Going line by line through the entries below, count those that contain "featuring". Give the number by itself.

[Opening Input material section]

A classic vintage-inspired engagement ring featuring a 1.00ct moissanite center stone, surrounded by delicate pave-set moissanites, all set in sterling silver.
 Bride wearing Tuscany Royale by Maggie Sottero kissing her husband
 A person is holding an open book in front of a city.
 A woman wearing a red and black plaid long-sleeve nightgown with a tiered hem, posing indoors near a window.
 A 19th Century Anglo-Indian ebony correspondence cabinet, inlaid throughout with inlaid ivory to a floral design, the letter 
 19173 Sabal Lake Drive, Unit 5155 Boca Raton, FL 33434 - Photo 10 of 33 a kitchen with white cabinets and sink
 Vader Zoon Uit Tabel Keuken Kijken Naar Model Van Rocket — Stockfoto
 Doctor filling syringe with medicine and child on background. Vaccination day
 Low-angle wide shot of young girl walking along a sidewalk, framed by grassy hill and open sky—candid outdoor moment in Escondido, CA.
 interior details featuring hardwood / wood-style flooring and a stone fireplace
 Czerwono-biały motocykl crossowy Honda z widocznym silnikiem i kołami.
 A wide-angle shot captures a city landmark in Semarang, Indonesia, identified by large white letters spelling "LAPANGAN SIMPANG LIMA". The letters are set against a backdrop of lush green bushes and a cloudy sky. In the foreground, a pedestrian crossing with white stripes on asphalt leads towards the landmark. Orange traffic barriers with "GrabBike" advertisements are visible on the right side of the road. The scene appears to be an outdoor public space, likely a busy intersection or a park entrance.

[Closing Input material section]

* Answer to this task *
2